Exercise input.
*** Begin section ***

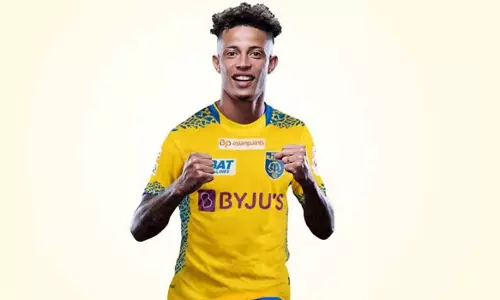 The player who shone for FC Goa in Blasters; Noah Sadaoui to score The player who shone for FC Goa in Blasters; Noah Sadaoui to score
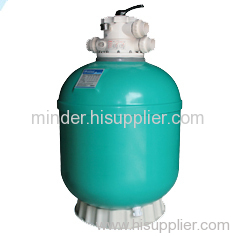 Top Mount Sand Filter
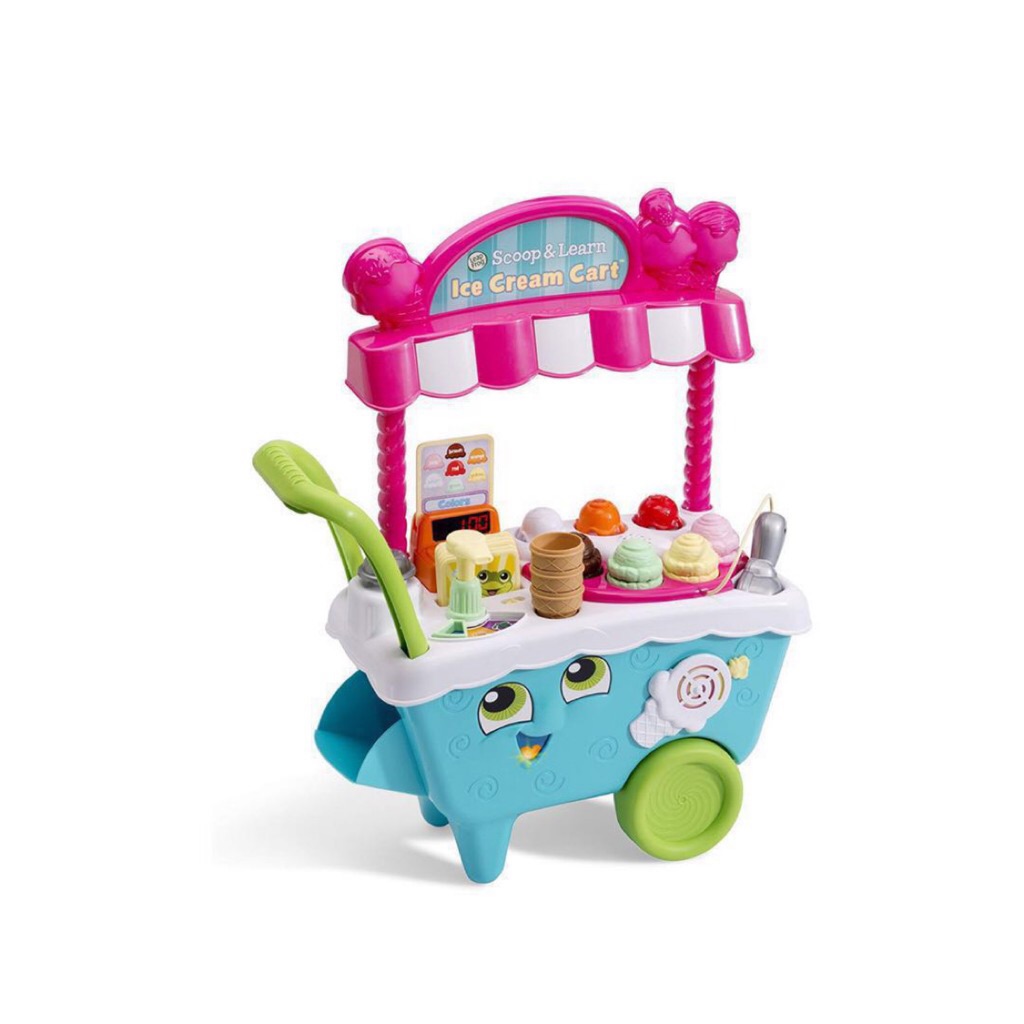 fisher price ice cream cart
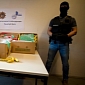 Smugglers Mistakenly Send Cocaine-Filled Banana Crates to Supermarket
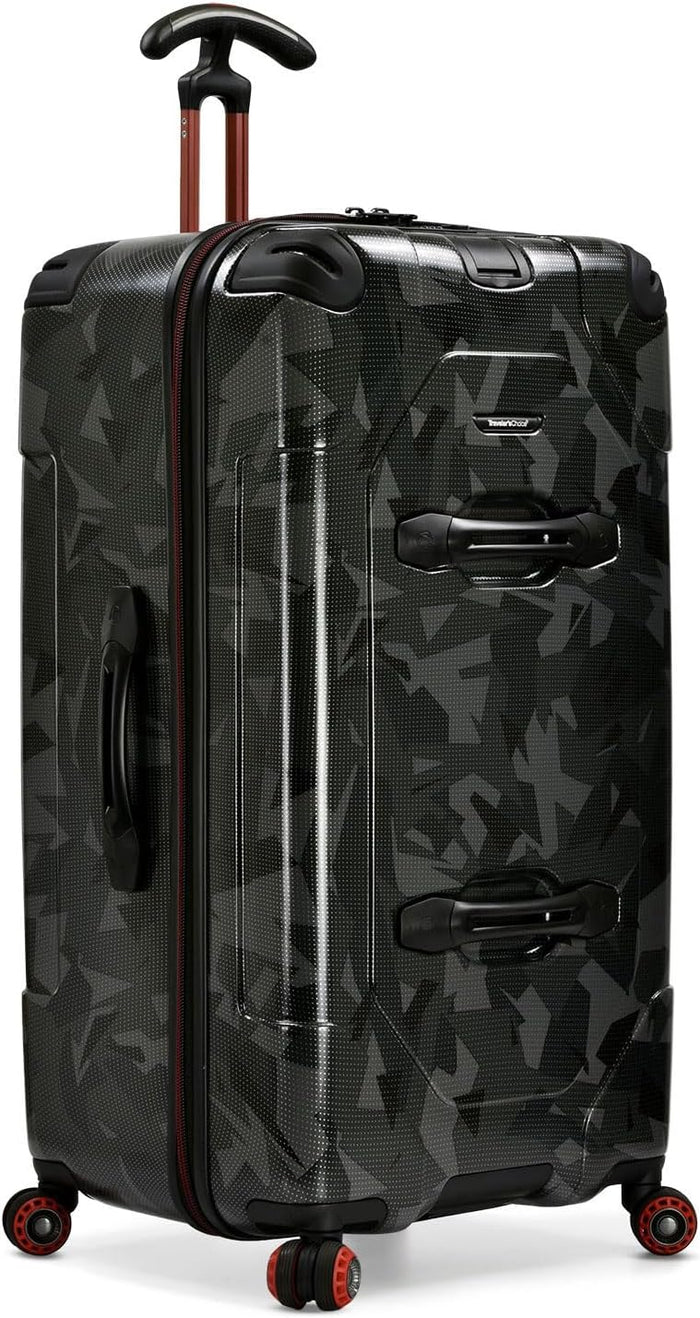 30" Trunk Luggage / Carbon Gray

*** End section ***

Your instructions. Would you write out exactly the lines of the data from the one holding "Top Mount Sand Filter" to the final line, both included, with pictures left out?

Answer area.
 Top Mount Sand Filter
 fisher price ice cream cart
 Smugglers Mistakenly Send Cocaine-Filled Banana Crates to Supermarket
 30" Trunk Luggage / Carbon Gray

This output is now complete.